Des nouvelles de chantiers

La Maison de la chanson et de la musique

PHOTO OLIVIER JEAN, ARCHIVES LA PRESSE

L’ancienne Bibliothèque Saint-Sulpice deviendra la Maison de la chanson et de la musique

La transformation de l’ancienne Bibliothèque Saint-Sulpice en Maison de la chanson et de la musique a été annoncée à l’été 2022. Le projet d’environ 50 millions, mis en branle par l’animatrice Monique Giroux et le parolier Luc Plamondon, est dirigé par la Société québécoise des Infrastructures (SQI). Selon Monique Giroux, le projet suit son cours. « On est à l’étape du plan fonctionnel et technique, donc ça avance bien. » L’appel d’offres sera fait à l’automne dans le but de commencer les travaux en 2024. Si tout va bien, la Maison de la chanson et de la musique ouvrira trois ans après, soit en 2027.

Phi Contemporain

PHOTO FOURNIE PAR PHI

Maquette pour la construction de Phi Contemporain. signée Kuehn Malvezzi+Pelletier de Fontenay

La construction d’un nouveau toit pour abriter la Fondation Phi à l’intersection des rues Saint-Paul et Bonsecours, dans le Vieux-Montréal, devait débuter cette année. La complexité du projet a forcé les concepteurs à repousser le début des travaux au printemps prochain. C’est le consortium berlino-québécois (Kuehn Malvezz+Pelletier de Fontenay) qui sera responsable de la conception architecturale de Phi Contemporain.

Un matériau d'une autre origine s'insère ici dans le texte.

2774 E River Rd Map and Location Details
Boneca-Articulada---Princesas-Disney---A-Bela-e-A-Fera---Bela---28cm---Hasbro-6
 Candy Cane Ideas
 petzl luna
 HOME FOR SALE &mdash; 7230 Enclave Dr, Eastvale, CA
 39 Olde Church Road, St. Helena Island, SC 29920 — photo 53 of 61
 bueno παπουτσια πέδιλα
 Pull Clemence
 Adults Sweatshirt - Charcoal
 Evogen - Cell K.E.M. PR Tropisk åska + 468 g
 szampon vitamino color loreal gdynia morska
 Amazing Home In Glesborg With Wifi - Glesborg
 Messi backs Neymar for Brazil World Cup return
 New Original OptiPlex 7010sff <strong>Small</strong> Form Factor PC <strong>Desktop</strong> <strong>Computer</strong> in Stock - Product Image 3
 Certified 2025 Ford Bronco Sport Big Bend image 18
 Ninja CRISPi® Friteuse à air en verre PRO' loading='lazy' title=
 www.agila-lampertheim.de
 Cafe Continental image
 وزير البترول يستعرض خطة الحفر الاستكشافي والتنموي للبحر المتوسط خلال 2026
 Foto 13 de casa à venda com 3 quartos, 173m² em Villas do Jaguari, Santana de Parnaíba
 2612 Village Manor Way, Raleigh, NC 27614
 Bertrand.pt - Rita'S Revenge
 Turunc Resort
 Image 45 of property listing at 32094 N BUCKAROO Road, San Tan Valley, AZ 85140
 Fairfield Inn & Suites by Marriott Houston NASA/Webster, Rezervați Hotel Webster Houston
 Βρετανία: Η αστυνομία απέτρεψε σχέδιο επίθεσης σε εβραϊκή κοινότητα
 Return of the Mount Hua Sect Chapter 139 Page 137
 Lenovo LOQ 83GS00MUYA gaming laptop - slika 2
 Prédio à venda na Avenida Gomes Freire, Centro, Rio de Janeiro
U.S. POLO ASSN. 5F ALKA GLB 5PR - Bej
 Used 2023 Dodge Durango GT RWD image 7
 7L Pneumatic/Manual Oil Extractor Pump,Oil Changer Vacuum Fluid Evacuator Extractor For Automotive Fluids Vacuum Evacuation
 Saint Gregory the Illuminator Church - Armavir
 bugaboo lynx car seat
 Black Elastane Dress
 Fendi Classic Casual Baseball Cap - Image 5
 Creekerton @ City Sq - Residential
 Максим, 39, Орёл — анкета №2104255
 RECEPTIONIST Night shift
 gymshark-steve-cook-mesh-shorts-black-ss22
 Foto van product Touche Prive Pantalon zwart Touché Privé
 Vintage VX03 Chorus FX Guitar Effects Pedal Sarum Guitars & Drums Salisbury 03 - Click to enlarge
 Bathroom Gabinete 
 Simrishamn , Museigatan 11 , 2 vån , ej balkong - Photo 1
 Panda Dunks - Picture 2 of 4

Un projet estimé à 100 millions – pour le moment – qui devrait être bénéficier d’une aide de 26,6 millions des deux ordres de gouvernement (13,3 millions chacun), la balance étant assumée par la fondatrice de Phi, Pheobe Greenberg. Phi Contemporain devrait être inauguré en 2027.

La Maison Théâtre

PHOTO DAVID BOILY, ARCHIVES LA PRESSE

La Maison Théâtre, rue Ontario

L’unique diffuseur de théâtre jeunesse à Montréal est dans une impasse. Son bâtiment appartient au cégep du Vieux Montréal, qui voudrait le récupérer. Depuis des années, les deux partenaires caressent le projet de construire une deuxième salle qu’ils pourraient partager. Mais ce projet n’a jamais abouti. Dans ce contexte, la directrice générale de la Maison Théâtre, Isabelle Boisclair, nous a confirmé avoir identifié un nouveau lieu dans le Quartier latin, qui pourrait abriter le théâtre. De son côté, le Ministère s’est engagé à « accompagner la Maison Théâtre dans son projet de relocalisation ». Mais aucun calendrier ni aucun budget n’a encore été annoncé.

En savoir plus
  • 31,5 millions
    Nouvelle estimation du coût des travaux en cours au Théâtre du Nouveau Monde (TNM) à Montréal. Le coût estimé en 2021 était de 20,2 millions.
    Source : ministère de la Culture et des Communications
    19,6 millions
    Nouvelle estimation du coût de reconstruction du Théâtre de la Vieille Forge de Petite-Vallée, en Gaspésie. Le coût estimé en 2017 était de 14 millions.
    Source : Alan Côté, président et fondateur du Festival en chanson de Petite Vallée
  • Plus de 200 millions
    Nouvelle estimation du coût de reconstruction du Musée McCord Stewart. Le coût estimé en 2019 était de 180 millions.